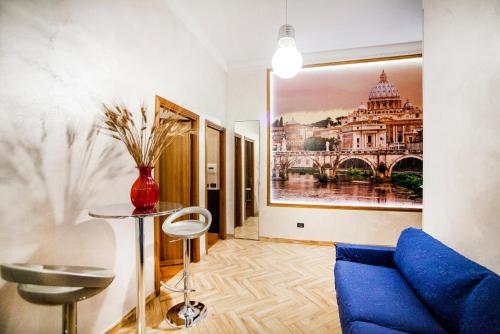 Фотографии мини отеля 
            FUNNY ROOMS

################

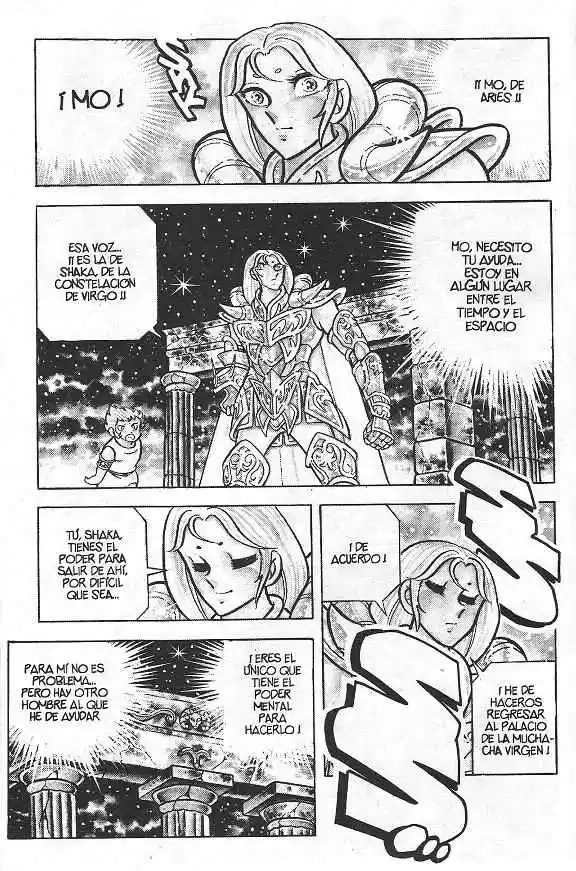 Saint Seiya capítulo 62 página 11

################

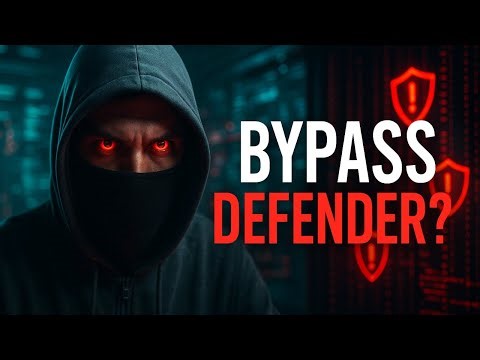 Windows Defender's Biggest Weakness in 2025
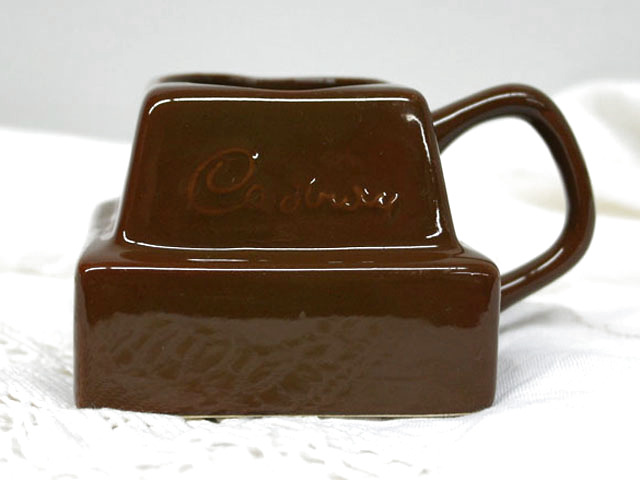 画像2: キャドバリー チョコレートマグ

################

## How to complete this task
Precisely those lines above that run from the line with "Windows Defender's Biggest Weakness in 2025" up to and including the line with "画像2: キャドバリー チョコレートマグ" are to be set down, with the pictures omitted.

## Exercise output
 Windows Defender's Biggest Weakness in 2025
 画像2: キャドバリー チョコレートマグ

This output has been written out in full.